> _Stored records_
========
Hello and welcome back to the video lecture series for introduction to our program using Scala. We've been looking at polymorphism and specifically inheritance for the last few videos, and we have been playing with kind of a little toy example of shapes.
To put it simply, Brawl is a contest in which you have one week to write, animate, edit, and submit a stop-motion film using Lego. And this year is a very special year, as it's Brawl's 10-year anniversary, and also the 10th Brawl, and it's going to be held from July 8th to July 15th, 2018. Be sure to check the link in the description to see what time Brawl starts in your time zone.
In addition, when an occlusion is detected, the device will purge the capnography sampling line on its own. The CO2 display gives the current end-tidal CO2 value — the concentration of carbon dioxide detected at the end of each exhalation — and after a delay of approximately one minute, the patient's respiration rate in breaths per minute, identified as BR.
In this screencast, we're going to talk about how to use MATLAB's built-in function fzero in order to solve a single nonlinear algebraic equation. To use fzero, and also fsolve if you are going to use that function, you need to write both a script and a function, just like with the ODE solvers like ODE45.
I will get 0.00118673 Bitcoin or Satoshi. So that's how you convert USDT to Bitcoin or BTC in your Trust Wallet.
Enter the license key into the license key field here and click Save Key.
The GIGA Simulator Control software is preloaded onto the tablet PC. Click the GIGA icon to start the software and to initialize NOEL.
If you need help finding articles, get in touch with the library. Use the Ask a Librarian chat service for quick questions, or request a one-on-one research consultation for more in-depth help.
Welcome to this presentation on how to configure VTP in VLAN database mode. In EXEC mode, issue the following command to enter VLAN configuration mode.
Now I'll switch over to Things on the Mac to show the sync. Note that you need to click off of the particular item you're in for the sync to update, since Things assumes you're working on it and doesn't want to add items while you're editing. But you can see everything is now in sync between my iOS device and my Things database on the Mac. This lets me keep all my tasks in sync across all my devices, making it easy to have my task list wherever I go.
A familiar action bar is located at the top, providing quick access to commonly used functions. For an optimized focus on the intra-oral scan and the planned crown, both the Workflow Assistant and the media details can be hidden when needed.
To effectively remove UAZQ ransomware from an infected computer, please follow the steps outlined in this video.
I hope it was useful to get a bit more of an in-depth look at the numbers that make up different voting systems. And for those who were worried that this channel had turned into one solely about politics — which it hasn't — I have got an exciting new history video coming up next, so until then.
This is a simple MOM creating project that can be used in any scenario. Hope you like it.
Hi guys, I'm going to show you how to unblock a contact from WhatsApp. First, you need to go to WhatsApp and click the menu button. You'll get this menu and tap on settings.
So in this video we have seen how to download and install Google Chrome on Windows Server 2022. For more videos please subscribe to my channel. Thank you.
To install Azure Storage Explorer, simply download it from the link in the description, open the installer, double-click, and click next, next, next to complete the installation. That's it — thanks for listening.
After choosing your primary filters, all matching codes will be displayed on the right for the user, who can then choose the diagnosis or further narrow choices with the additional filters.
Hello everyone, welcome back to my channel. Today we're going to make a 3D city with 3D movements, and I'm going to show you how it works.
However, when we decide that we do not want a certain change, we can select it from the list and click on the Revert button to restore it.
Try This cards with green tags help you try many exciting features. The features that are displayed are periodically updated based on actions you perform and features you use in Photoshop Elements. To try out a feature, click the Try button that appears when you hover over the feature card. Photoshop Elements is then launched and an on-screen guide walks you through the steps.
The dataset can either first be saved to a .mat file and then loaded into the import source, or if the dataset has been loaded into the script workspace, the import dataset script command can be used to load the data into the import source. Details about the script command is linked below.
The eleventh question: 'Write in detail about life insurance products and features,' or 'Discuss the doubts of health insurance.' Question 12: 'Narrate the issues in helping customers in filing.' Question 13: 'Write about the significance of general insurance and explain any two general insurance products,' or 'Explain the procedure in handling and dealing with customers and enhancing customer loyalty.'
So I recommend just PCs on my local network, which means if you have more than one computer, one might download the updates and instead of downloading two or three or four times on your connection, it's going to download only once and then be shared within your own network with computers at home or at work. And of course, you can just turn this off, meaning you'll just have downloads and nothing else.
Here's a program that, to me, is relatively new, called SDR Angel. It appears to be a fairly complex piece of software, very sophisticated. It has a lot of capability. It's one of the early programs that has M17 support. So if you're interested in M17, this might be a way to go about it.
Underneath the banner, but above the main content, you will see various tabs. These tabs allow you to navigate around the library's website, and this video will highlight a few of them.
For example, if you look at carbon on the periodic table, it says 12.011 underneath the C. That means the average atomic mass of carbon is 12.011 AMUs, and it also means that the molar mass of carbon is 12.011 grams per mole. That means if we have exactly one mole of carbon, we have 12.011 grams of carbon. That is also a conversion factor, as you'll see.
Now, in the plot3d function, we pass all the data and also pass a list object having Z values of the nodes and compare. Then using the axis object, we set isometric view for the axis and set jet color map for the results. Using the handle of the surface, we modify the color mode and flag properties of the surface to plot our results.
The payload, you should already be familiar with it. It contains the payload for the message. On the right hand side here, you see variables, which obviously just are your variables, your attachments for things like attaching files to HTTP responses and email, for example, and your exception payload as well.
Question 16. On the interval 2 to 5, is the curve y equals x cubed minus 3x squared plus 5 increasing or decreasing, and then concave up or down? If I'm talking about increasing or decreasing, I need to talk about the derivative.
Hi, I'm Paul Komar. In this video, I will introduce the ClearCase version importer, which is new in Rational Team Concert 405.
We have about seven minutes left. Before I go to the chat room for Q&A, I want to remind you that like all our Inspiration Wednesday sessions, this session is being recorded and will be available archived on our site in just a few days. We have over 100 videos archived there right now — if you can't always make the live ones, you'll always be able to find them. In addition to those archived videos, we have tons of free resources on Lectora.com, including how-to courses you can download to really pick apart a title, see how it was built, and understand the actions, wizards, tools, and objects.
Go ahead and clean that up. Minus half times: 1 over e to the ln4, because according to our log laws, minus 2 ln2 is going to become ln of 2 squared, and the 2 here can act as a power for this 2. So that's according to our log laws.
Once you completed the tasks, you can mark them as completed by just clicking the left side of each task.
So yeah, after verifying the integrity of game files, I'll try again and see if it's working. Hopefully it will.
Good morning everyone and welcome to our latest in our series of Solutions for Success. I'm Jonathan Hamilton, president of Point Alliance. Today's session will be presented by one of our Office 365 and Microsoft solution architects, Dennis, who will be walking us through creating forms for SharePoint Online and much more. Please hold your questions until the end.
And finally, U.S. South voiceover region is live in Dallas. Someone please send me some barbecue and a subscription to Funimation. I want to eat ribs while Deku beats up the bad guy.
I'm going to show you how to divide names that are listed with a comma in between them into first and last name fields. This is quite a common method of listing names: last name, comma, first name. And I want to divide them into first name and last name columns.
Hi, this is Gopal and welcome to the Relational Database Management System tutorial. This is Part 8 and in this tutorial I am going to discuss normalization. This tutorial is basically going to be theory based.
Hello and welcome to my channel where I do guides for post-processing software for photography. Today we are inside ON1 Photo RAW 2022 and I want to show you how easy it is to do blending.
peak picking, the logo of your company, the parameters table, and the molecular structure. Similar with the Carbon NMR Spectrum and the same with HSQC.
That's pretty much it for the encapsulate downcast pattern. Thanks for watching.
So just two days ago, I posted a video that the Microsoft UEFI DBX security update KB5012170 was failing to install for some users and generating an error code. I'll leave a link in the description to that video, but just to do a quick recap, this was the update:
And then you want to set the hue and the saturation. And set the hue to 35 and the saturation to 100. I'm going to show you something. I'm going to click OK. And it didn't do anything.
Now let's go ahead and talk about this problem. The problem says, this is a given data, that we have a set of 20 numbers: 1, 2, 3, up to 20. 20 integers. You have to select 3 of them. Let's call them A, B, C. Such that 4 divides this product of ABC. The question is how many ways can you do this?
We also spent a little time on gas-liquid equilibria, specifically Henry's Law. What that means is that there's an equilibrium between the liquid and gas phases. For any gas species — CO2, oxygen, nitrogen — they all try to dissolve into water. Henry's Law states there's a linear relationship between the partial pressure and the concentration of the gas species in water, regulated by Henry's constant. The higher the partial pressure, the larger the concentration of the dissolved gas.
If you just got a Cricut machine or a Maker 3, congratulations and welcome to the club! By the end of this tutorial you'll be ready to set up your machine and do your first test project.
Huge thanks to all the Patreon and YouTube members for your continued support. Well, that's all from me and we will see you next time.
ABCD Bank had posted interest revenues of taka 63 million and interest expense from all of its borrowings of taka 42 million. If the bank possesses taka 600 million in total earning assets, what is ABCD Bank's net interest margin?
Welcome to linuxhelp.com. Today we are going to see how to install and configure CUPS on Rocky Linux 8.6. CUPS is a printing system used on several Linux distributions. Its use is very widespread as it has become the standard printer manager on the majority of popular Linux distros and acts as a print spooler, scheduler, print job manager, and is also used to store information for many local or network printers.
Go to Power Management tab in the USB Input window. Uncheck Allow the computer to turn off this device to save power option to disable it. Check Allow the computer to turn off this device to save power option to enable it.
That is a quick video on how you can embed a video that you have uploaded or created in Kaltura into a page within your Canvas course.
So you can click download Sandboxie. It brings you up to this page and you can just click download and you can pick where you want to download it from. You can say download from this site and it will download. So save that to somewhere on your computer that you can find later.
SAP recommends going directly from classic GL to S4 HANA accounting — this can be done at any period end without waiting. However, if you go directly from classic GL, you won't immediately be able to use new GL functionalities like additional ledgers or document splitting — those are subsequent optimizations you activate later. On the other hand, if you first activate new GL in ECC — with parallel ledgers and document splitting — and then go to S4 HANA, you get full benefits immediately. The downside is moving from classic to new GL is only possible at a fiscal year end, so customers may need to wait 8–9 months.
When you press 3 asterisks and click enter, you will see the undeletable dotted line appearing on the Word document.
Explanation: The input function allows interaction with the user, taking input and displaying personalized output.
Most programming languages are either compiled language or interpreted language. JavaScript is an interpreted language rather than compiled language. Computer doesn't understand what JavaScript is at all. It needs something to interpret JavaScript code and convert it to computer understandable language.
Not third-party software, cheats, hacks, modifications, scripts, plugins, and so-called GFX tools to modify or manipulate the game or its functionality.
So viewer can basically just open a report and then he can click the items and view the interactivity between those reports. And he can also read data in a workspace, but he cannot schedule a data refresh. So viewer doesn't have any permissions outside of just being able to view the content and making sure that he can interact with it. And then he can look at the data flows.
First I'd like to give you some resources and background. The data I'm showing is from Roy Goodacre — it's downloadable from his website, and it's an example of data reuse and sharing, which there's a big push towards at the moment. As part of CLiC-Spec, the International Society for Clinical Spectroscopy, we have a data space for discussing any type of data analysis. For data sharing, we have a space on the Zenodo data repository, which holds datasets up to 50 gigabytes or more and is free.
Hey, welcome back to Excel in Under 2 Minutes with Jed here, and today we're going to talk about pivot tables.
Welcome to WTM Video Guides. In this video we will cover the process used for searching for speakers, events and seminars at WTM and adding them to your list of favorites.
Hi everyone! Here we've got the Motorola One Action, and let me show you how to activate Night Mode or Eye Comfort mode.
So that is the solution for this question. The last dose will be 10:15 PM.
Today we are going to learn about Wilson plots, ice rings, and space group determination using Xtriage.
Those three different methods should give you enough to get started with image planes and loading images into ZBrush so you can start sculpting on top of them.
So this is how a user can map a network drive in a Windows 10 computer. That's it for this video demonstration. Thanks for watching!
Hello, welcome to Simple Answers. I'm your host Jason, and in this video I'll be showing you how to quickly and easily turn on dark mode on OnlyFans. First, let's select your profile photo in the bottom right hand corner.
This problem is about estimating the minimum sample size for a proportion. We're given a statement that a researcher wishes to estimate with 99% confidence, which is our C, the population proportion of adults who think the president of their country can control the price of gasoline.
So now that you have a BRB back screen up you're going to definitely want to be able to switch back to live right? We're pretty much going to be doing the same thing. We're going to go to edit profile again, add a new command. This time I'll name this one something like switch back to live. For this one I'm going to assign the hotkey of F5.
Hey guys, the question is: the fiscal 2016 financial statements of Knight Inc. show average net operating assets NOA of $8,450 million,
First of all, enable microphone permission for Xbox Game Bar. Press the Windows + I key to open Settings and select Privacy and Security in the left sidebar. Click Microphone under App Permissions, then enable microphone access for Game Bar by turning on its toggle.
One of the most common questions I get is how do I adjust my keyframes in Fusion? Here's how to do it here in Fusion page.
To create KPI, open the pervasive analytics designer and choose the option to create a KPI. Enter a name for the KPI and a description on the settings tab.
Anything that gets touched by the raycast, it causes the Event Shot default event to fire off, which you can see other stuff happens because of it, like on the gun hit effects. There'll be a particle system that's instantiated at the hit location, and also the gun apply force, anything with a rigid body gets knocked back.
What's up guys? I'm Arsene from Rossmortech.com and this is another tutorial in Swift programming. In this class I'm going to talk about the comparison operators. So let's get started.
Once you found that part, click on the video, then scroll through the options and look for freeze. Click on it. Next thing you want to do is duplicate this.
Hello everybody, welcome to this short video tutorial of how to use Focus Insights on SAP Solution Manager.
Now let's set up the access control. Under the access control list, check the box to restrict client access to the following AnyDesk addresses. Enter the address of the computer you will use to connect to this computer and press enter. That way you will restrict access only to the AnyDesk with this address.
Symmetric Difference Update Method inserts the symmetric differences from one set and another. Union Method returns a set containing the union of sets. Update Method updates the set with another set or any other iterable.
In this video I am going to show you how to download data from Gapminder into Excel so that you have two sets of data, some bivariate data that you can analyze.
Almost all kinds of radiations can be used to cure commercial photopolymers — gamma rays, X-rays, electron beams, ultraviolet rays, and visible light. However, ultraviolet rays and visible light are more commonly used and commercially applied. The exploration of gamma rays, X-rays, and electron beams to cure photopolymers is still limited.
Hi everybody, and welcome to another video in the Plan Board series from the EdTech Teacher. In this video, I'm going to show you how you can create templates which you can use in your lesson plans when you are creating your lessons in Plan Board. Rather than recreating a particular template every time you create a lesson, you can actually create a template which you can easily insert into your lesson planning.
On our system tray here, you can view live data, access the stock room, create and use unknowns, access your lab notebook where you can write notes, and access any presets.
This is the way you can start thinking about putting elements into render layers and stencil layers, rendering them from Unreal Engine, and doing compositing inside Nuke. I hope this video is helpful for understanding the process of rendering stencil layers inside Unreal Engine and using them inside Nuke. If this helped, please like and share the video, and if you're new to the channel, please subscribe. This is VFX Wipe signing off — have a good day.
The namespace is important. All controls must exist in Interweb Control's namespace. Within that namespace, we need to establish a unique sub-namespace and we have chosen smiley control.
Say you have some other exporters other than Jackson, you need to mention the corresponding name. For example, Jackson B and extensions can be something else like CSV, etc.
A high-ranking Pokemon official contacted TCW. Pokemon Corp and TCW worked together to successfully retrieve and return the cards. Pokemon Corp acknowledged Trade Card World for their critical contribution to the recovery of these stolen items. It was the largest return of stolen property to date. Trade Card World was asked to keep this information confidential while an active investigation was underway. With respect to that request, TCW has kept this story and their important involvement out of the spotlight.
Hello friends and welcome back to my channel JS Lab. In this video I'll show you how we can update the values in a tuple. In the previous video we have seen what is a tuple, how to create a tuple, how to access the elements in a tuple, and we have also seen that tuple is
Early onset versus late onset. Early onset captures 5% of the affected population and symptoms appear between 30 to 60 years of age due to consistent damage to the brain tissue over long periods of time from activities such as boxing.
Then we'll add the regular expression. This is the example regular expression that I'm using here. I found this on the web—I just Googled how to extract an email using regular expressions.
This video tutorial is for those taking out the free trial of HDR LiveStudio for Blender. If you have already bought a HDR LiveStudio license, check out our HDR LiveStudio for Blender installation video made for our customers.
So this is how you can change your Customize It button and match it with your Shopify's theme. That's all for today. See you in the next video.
========
> _WORK INSTRUCTION_
Among the lines above, repeat exactly those from the line with "So yeah, after" to the line with "And finally, U.S.", counting both ends.

> _OUTPUT BELOW_
So yeah, after verifying the integrity of game files, I'll try again and see if it's working. Hopefully it will.
Good morning everyone and welcome to our latest in our series of Solutions for Success. I'm Jonathan Hamilton, president of Point Alliance. Today's session will be presented by one of our Office 365 and Microsoft solution architects, Dennis, who will be walking us through creating forms for SharePoint Online and much more. Please hold your questions until the end.
And finally, U.S. South voiceover region is live in Dallas. Someone please send me some barbecue and a subscription to Funimation. I want to eat ribs while Deku beats up the bad guy.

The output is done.